The question is what should a commercial occupier focus on to improve their lease arrangements?  At LPC we focus our efforts on negotiating improvements from the tenant’s perspective in relation to cost, risk, flexibility, obligations and guarantees.  These 5 areas help us analyse what is most important to the client and their business, and this analysis provides the guiderails for our negotiations.  As always, the ‘devil is in the detail’.  The items that we give detailed attention to in most instances include the valuation terms that govern the rental if an ‘option to renew’ is exercised, the obligations of the property owner relating to matters that make the premises work for the tenant, the ability to exit or to contract or to expand the tenancy, and the tenant rights related to usage and modification of the premises. The impacts for the lessee of an improved landing point in these areas is significant.

Conclusion

In summary, our negotiations are underpinned by the concept that a tenant is ‘buying utilisation’ of the premises via the lease. In this regard we seek property owner guarantees that the attributes that made the premises the preferred choice initially will be sustained, and we seek provisions that amend the occupancy cost when utilisation is impaired for reasons beyond the tenant’s control.  

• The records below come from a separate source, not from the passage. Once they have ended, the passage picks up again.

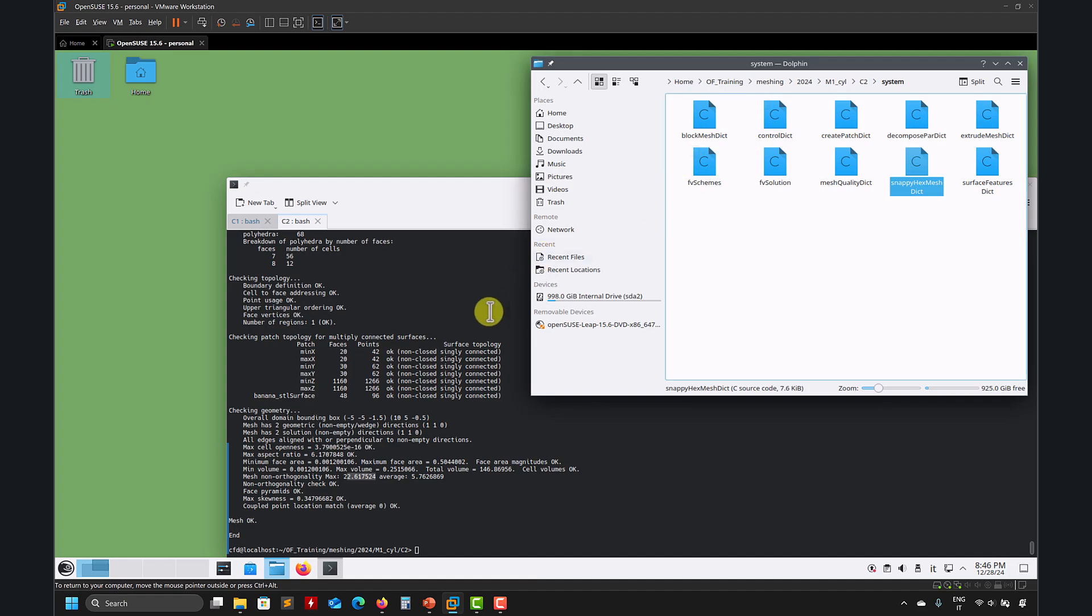So this is it, so we are done with the 2D case. Now let's move to C3, which is pretty much still the cylinder, but now we're going to run the simulation, so we're going to talk about these boundary conditions and so on. So thank you for your attention, see you next video, bye.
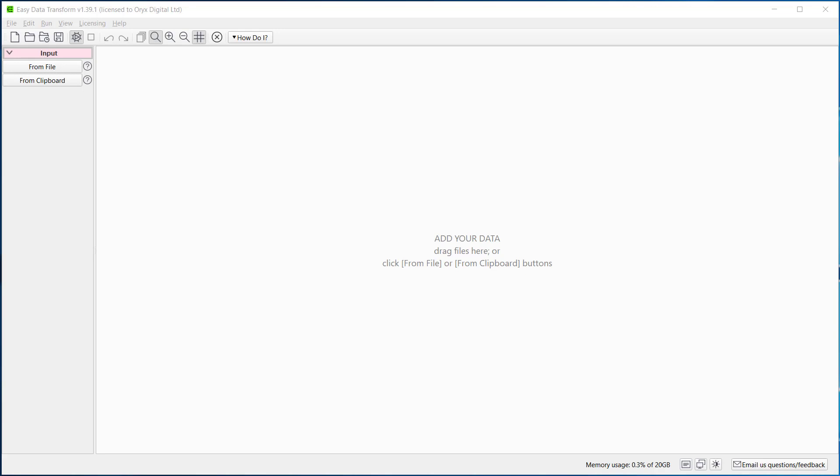Hi, this is Andy Bryce of Easy Data Transform, and I'm going to show you how you can quickly and easily change the text encoding of a CSV file.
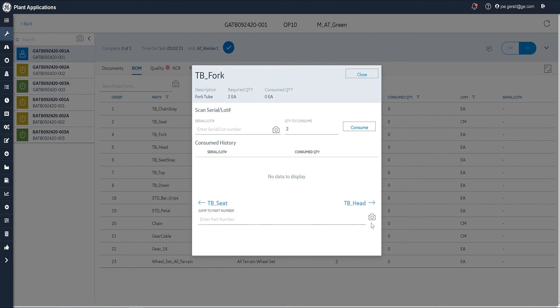Another thing I can do is search for a part number. If I want to make sure I'm using the right part number, again, I can use the camera to do that.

Look out for the next article in this series and all the best as you navigate the pandemic.

About LPC & the LPC subscription service

LPC provides office, retail, and industrial occupiers with advice and services that make a difference to their accommodation arrangements and respective businesses.  With no ties to investor property owners or leasing agents we only represent occupiers, and our advice is free from any conflict of interest that would disadvantage an occupier. Our single purpose is to help commercial occupiers optimise their accommodation and tenancy arrangements. You will find the LPC subscription service most useful when it comes to identifying key terms for renegotiation and getting to the lease you deserve. 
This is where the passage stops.